§ REQUIRED ACTION
Leaving out all images, write out the records that follow exactly.

(Crawled caption data)
———
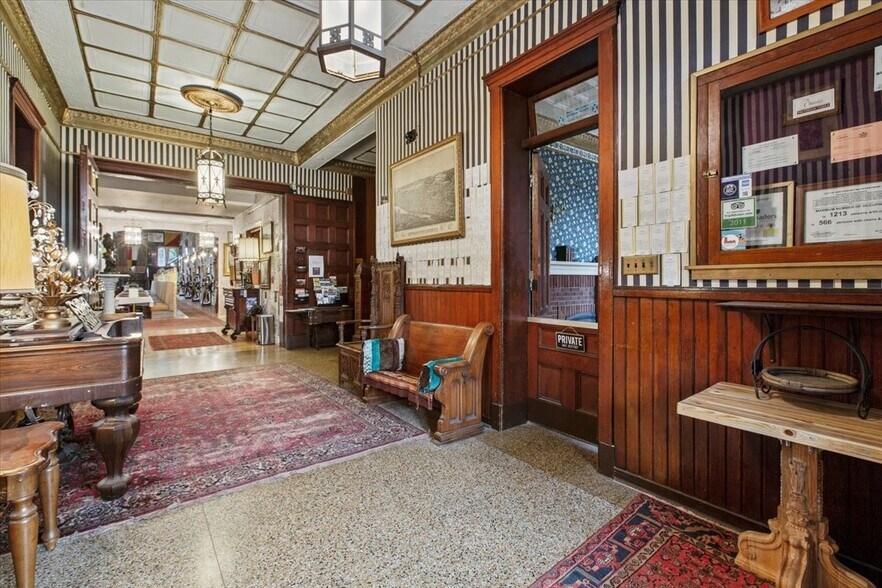 More Photos Of 49 Florida Ave, Amsterdam Hospitality For Sale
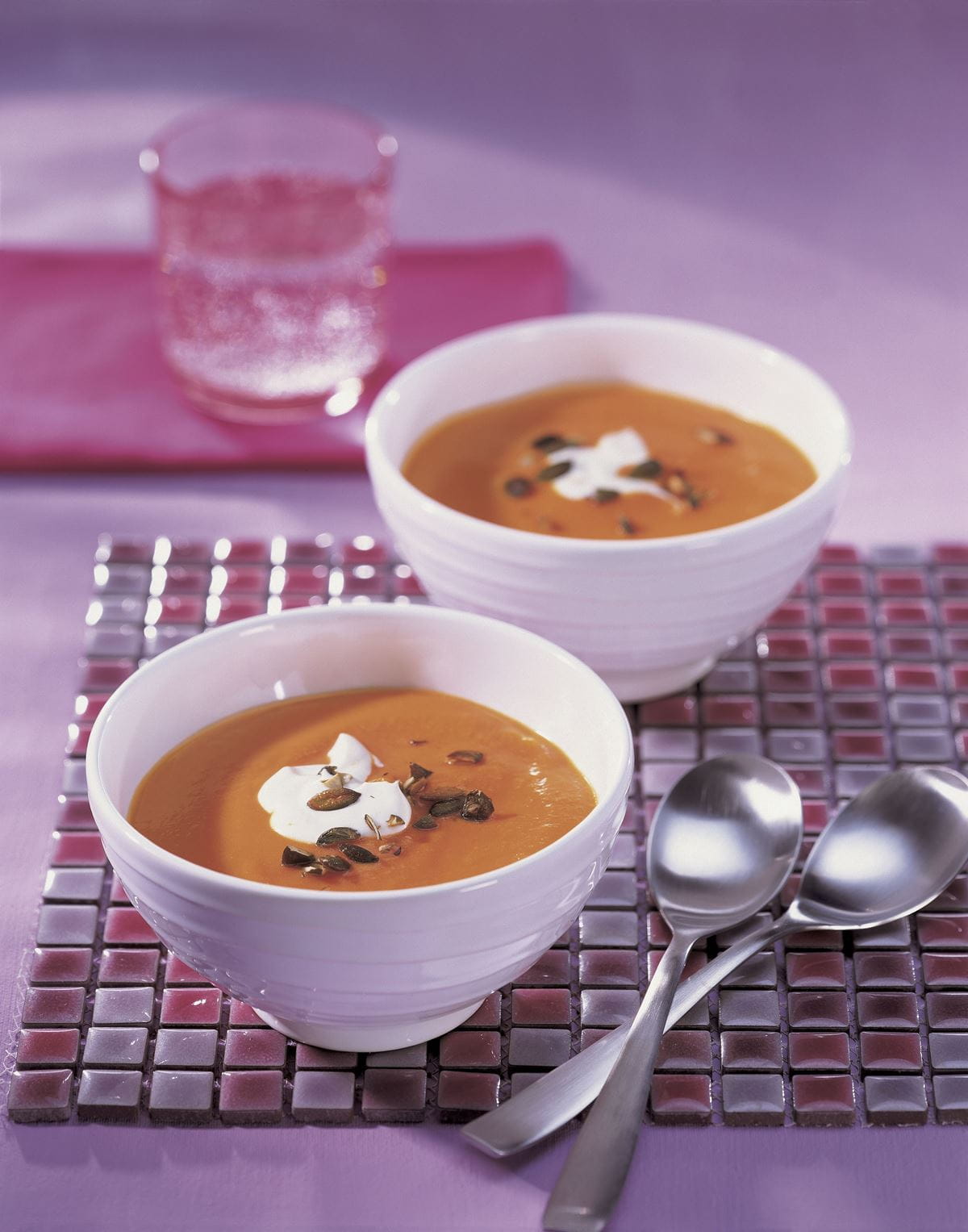 recipe image Kürbissuppe mit Ingwer-Cremefine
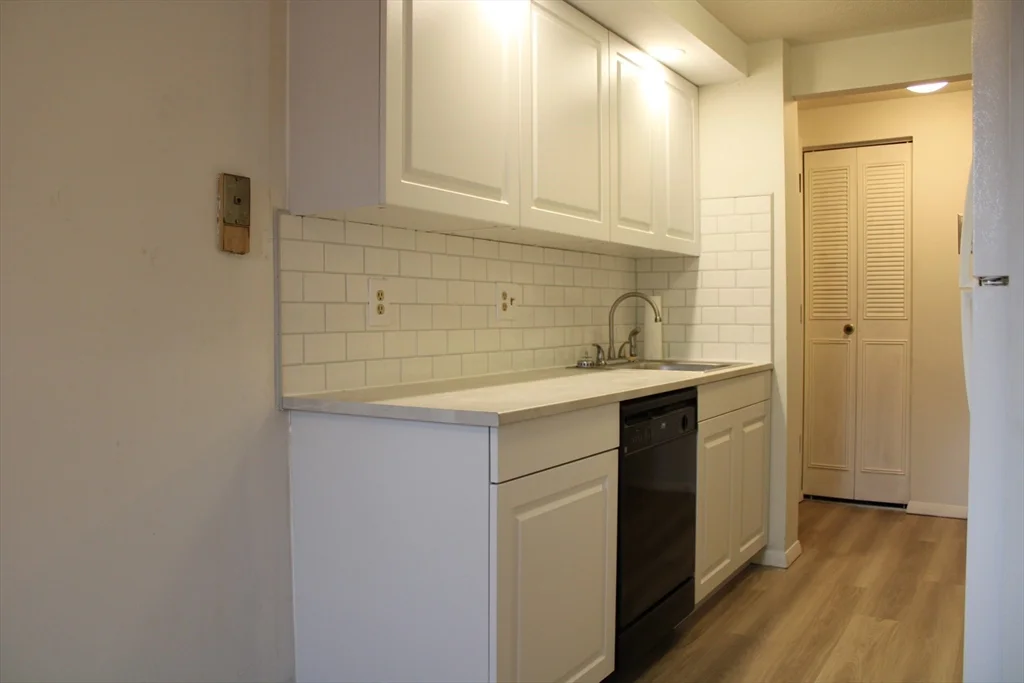 2 bed, 1 bath apartment for rent at 96 Main Unit 3, Foxboro — photo 4 of 13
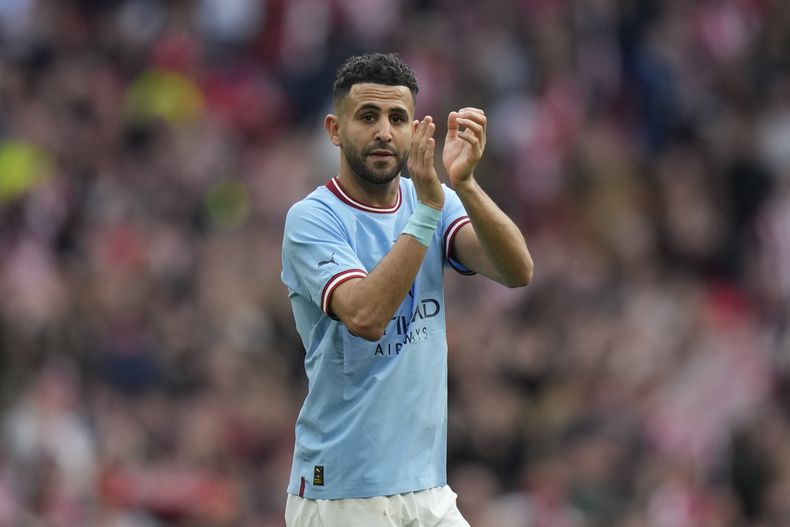 Riyad Mahrez del Manchester City aplaude frente a la afición tras el duelo de semifinales de la Copa FA ante el Sheffield United en el Estadio Wembley el sábado 22 de abril del 2023. El viernes 28 de julio del 2023, Mahrez firma con el Al-Ahli de Arabia Saudí. (AP Foto/Alastair Grant)
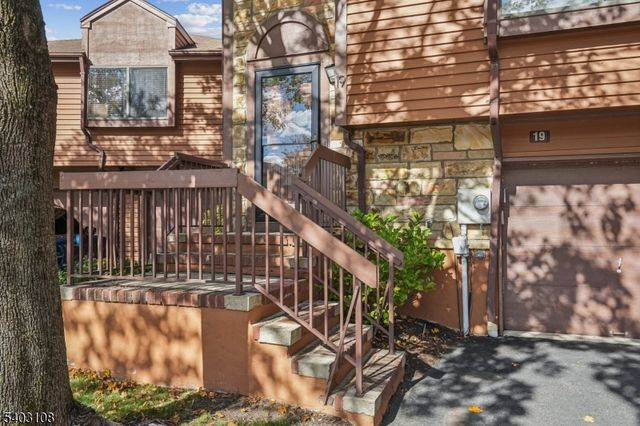 19 Heritage Way, Rockaway Twp., NJ 07866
———
§ TASK RESULT
 More Photos Of 49 Florida Ave, Amsterdam Hospitality For Sale
 recipe image Kürbissuppe mit Ingwer-Cremefine
 2 bed, 1 bath apartment for rent at 96 Main Unit 3, Foxboro — photo 4 of 13
 Riyad Mahrez del Manchester City aplaude frente a la afición tras el duelo de semifinales de la Copa FA ante el Sheffield United en el Estadio Wembley el sábado 22 de abril del 2023. El viernes 28 de julio del 2023, Mahrez firma con el Al-Ahli de Arabia Saudí. (AP Foto/Alastair Grant)
 19 Heritage Way, Rockaway Twp., NJ 07866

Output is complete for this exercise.